Leonardo Boff
Na
compreensão dos grandes cosmólogos que estudam o processo da cosmogênese e da
biogênese, a culminância desse processo não se realiza no ser humano. A grande
emergência é a vida em sua imensa diversidade
e àquilo que lhe pertence essencialmente que é o cuidado. Sem o cuidado necessário nenhuma forma de
vida subsistirá (cf. Boff, L., O cuidado necessário,
Vozes, Petrópolis 2012).
É
imperioso enfatizar: a culminância do processo cosmogênico não se dá no
antropocentrismo, como se o ser humano fosse o centro de tudo e os demais seres
só ganhariam singificado quando ordenados a ele e ao seu uso e desfrute. O
maior evento da evolução é a irrupção da vida em todas as suas formas, também
na forma humana consciente e livre.
O
conhecido cosmólogo da Califórnia Brian Swimme junto com o antropólogo das
culturas e teólogo Thomas Berry afirma em seu livro The Universe Story (1999): “Somos incapazes
de nos libertar da convicção de que, como humanos, nós somos a glória e a coroa
da comunidade terrestre e perceber que somos, isso sim, o componente mais
destrutivo e perigoso dessa comunidade”. Esta constatação aponta para a atual
crise ecológica generalizada afetando o inteiro planeta, a Terra.
Biólogos
(Maturana, Wilson, de Duve, Capra, Prigogine) descrevem as condições dentro das
quais a vida surgiu, a partir de um alto grau de complexidade e quando esta
complexidade se encontrava fora de seu equilíbrio, em situação de caos.

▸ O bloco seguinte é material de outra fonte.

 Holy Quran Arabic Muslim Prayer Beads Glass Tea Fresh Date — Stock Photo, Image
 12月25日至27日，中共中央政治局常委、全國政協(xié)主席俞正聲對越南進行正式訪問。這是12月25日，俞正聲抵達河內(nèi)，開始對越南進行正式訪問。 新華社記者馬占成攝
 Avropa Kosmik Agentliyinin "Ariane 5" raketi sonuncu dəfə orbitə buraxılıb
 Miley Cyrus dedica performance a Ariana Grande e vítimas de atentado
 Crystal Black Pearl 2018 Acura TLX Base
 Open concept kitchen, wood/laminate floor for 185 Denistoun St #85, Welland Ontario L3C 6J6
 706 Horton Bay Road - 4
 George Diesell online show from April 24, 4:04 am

Mas o caos não é apenas caótico. É também generativo. Esconde dentro de si
novas ordens em gestação e várias outras complexidades, entre elas a vida
humana.
Os
cientistas evitam definir o que seja a vida. Constatam que representa a
emergência mais surpreendente e misteriosa de todo o processo cosmogênico.
Tentar definir a vida, reconhecia Max Plank, é tentar definir a nós mesmos,
realidade que, em último termo, não sabemos definitivamente o que e quem
somos.
O que
podemos afirmar seguramente é que a vida humana é um sub-capítulo do capítulo
da vida. Vale enfatizar: a centralidade cabe à vida. A ela se ordena a
infra-estrutura físico-química e ecológica da evolução que permitiu a imensa
diversidade de vidas e dentro delas, a vida humana, consciente, falante e
cuidante.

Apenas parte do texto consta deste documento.